Nice things to make balloons out of

A chemist friend of mine thought of some very interesting things to make balloons out of. I'm still waiting to hear from him for some more details, but here are the highlights:
1) A superhydrophobic material, so that microbes can't stick to it
2) A superhydrophilic material, so that they are stuck fast and broken up
3) A photocatalytic material, which would catalyse anything on it to break down, ultimately into CO2 and water

I think (2) is out because the canopy would pick up too much moisture in the troposphere and would presumably be weighed down, reducing the height reached.

1 and 3 might well work, and 3 seems most elegant since it is an active process of sterilisation.
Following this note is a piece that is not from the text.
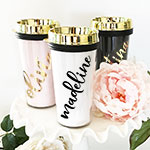 Personalized Travel Tumblers - Gold Lid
Having said that, the same colleague still thought UVC might be best.

Our ultimate task is to kill spores - if we can kill spores then we can kill anything! Hence a massive UVC dose from LEDs etc might be necessary - if we can carry that many LEDs and enough power...

As always in "balloon material fantasies", it comes down to if we can find a suitable compound, if it is gastight for helium, robust enough for flight (without tearing etc), if someone will make balloons out of it for us, and for how much!
Cyclo-olefins is at least a name we can bandy around for the chosen property of UVC transparency... Any ideas who to order that from and any ideas about the other sorts of compounds?

If we can't fly a full size balloon made of our dream compound, then perhaps we can fall back on a small scale model, and then fly other hardware on a "dirty" normal balloon for a high altitude proof of concept?